# WHAT IS REQUIRED
Reproduce verbatim the lines of the material below, starting at the line with "Embroidered Thread Work Kurta Pajama" and ending at the line with "Document de brevet", both inclusive; skip the rest.

# SOURCE DATA
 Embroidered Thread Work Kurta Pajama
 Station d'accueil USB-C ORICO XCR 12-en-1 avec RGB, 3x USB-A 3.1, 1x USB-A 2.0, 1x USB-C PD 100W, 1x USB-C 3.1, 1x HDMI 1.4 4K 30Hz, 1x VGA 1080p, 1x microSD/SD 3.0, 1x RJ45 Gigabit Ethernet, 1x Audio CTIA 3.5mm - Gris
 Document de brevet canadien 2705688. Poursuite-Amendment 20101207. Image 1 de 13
--
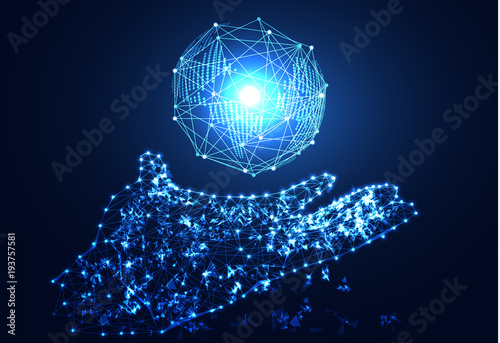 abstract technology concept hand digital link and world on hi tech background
* * *
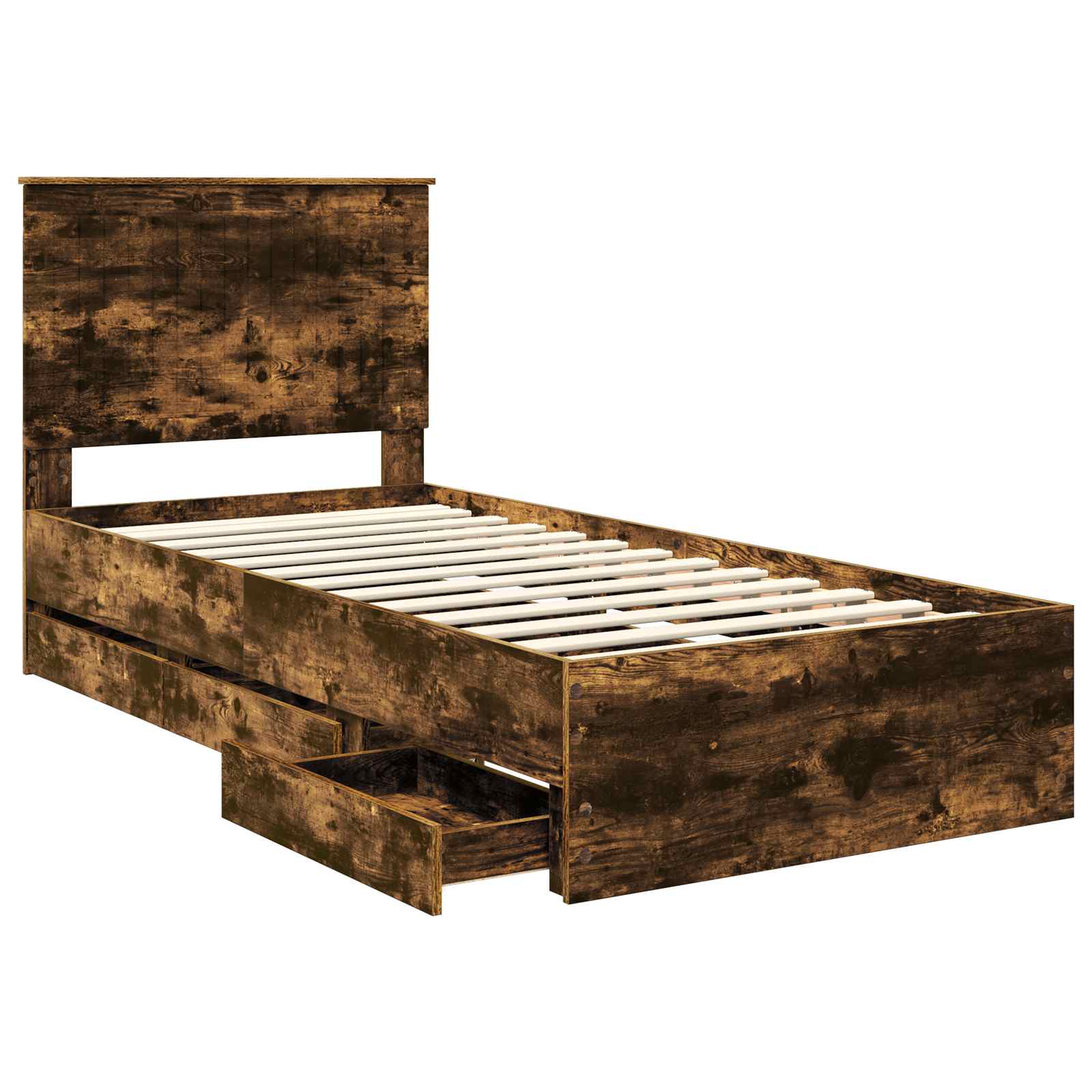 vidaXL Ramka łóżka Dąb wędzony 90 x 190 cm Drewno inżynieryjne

# SOLUTION FOR THIS EXERCISE
 Embroidered Thread Work Kurta Pajama
 Station d'accueil USB-C ORICO XCR 12-en-1 avec RGB, 3x USB-A 3.1, 1x USB-A 2.0, 1x USB-C PD 100W, 1x USB-C 3.1, 1x HDMI 1.4 4K 30Hz, 1x VGA 1080p, 1x microSD/SD 3.0, 1x RJ45 Gigabit Ethernet, 1x Audio CTIA 3.5mm - Gris
 Document de brevet canadien 2705688. Poursuite-Amendment 20101207. Image 1 de 13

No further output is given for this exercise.